Why are theory and practice so far apart when it comes to traceability? Why do people have strong reservations, especially in agile projects, regarding the usefulness and costs of traceability? And how much traceability do we actually need?

Traceability – what is it exactly?

When people talk about traceability, often three terms have been mixed together. Admittedly they are quite similar, but let’s try to disentangle them.

Traceability and other terms

Traceability and other terms

Compliance is a term with many different facets and can be understood as the ability to look back and ascertain whether processes and standards have been kept. In regulated branches such as the automobile sector compliance is a central aspect of and prerequisite for successful automotive SPICE assessments. Audit security refers the traceability of the artefacts that have come about during the development process. They are firmly rooted in process standards such as the V model XT. Creating audit security is a topic within version and configuration management.

Traceability refers to our understanding of relationships between artefacts in the development process. According to ISO/IEC/IEEE 24765:2010 traceability is defined as: “A discernable association among two or more logical entities, such as requirements, system elements, verifications and tasks.” The guide to Business Analysis Body of Knowledge BABOK v3 concretizes this definition for special cases in requirements traceability as follows: “The ability to track relationships between sets of requirements and designs from the original stakeholder needed for the actual implemented solution.”

According to BABOK v3 it is possible to trace the relationship between requirements and their source, the stakeholders and their needs, in both directions. This kind of traceability is called pre-requirements traceability. Similarly, it should be possible to trace the relationships in both directions among the draft, code and the tests. This is known as post-requirements traceability. Both forms of requirements traceability help to answer a number of questions in the course of the development process.
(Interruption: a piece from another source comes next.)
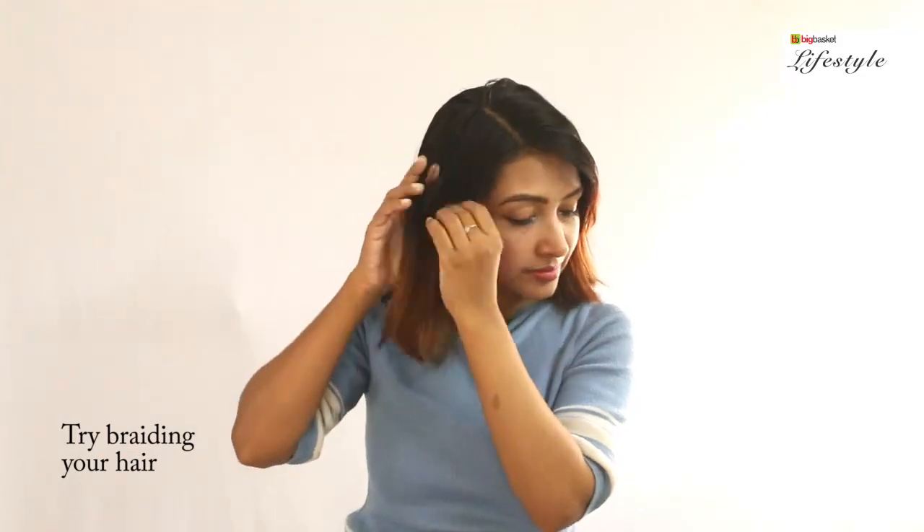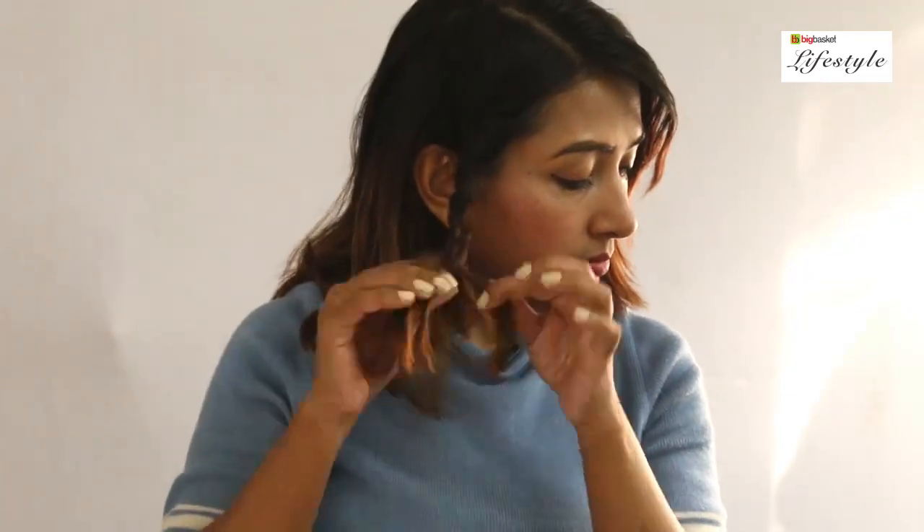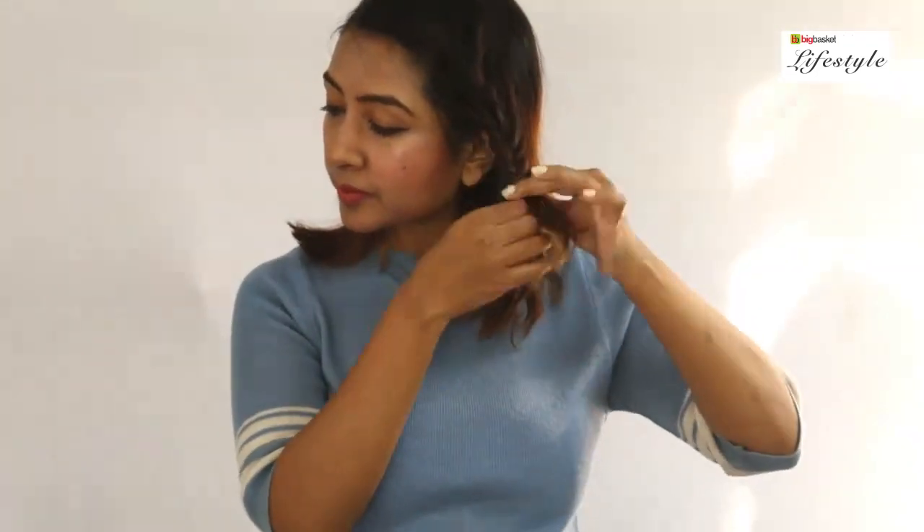Taking some thin strands on one side, I am going to start braiding and do the same on the other side. Once you finish, clip it behind with a bow. Once you reach the end, twist it and clip it on behind.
Pre and post requirements traceability

Pre and post requirements traceability

Pre and post requirements traceability are not the only forms of traceability. It is possible for there to be both inter- and intra-artefact relationships. That’s why BABOK distinguishes, for example, between business, stakeholder and solution requirements that are derived from each other. Requirements in the requirements and specifications documents appear to be duty documents or IEEE according to software requirements. The traceability of the internal relationships and the relationships with their documentation is known as inner traceability.
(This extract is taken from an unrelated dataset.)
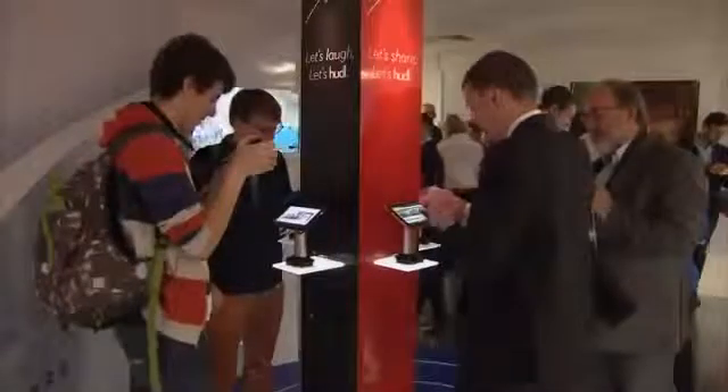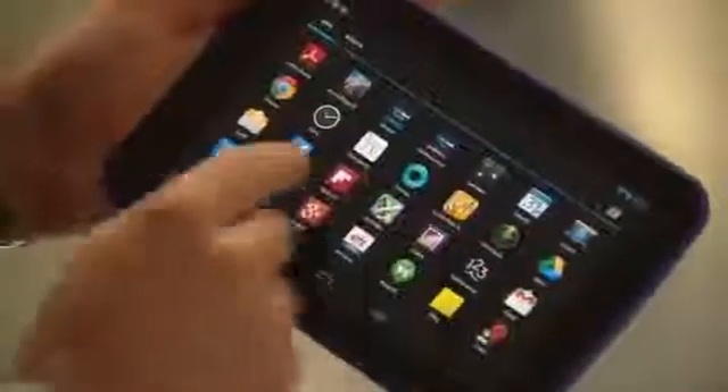Just when you thought Tesco had given up on world domination, they do this. You might call it the Tesco tablet — they call it the Huddle. With all the bells and whistles you'd expect: Android software and apps, a HD screen and a camera. But is it Tesco value or Tesco finest?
The effect of changes within inner traceability

The effect of changes within inner traceability

Requirements are realized during the development process. That creates relationships between requirements and tasks in the project planning. It becomes possible to trace the development with the help of these relationships. This form of traceability is called requirements-to-task traceability.

Tracing the relationship between requirements and tasks in project planning

Tracing the relationship between requirements and tasks in project planning

What is traceability used for?

The different forms of requirements traceability support four analysis steps:

  • The impact analysis – which requirements/artefacts will be affected by changes?
  • Origin analysis – why is there a requirement/artefact?
  • Comprehensiveness analysis – have all the requirements/artefacts been taken into account for a total solution?
  • Performance value analysis – how will the work continue now?
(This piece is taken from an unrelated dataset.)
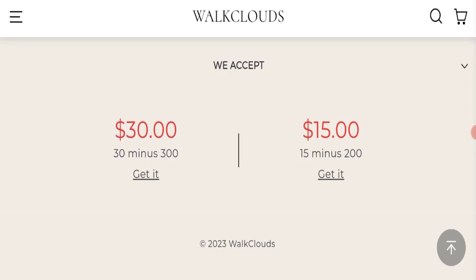The trust index score of this website is 1, which is very bad. The business trust ranking is 28.9, which is considered risky and dubious. Additionally, the content quality of the website appears to be plagiarized.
You will be able to plan better and identify risks more effectively if you know the impact of intended changes. It makes it easier to estimate your maintenance costs. The transparent path between requirements and tests makes it easier to assess the progress of the project. The traceability of requirements back to their source helps in validating requirements (“are we creating the right product?”) and in creating stakeholder satisfaction. The traceability of decisions and decision making paths is a prerequisite for audits. You would make a giant leap towards verifying solutions and maintaining high quality standards if you can prove that all the requirements have been taken into account in the solution and if they have been defined for all requirements tests. In short: requirements traceability is of vital importance for projects. The question then remains: how do you set up requirements traceability at a reasonable cost?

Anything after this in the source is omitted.